Sambo's

Jan 07, 2009 16:19

I've been having this persistent memory of going out to breakfast with my mother when I was very young, most likely in the late 1970's. The memory only has so many facets, but it's strong. I can feel the sunlight pouring through the windows-it must have been a nice warm summer day and I can feel that the aroma of the restaurant was so quintessential that it could be the next air freshener from Glade. The smell of hot sun punching through large, wide and tall, plate glass windows and heating up dark brown booths and paneling, orange naugahyde seats mixed with the smell of lots and lots of bad coffee and maple syrup. No doubt the cigarette smoke of my mother and other patrons mixed in. The sounds would have been spoons clinking in cups and cooks slamming plates down in the window, ringing the bell. I remember that I was coloring the kids' menu which was a mask of a tiger's face. I wish I could remember what I ordered- was it pigs in a blanket? Bacon and eggs? I remember that the restaurant was called Sambo's. I typed in Sambo's to the wonderful internet and it was really a real place.
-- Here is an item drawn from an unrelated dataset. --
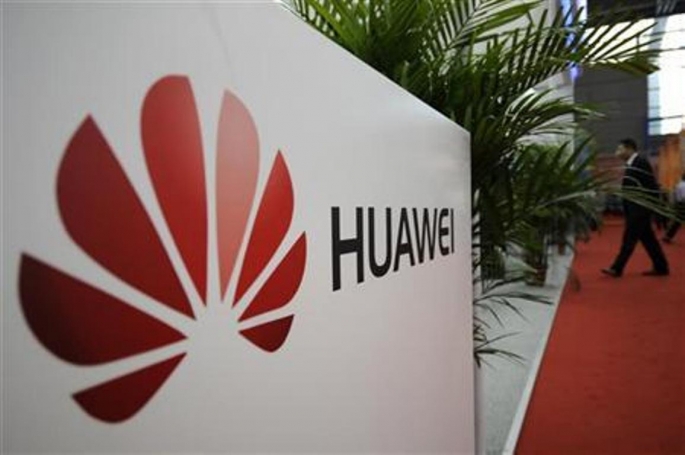 Huawei CBG обнародовало годовые показатели производительности компании за 2016 год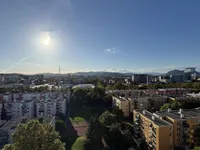 Недвижимость Квартира 1-комнатная Ново БС 3: 2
They got run out of town when too many people were all - hey that's racist.

It's nice when your questionable memories are confirmed, especially when they're so very lightly shaded but I can't help but think that that that warm morning could never, ever be replicated. Sambo's is closed, my mother is dead, you can't smoke in a restaurant anymore and the paneling and naugahyde are as banned from society as the "racist" tiger theme. I am eternally saddened that I cannot visit the 1970s, the 1960s, whatever is off limits. I am always saddened that I cannot open up my past like a dollhouse and climb in and play inside. I am always aware that the present is roaring by while I pine for the past. And it's simply crazy what your mind chooses to remember while it forgets masses of the rest. It surely wasn't the breakfast that was memorable, and I don't think it was my mother. I think it was the mesmerizing, intoxicating, enveloping warmth of the sun that morning and the orange/yellow brightness of the light. And the smell. The smell of just another busy day in a pancake house.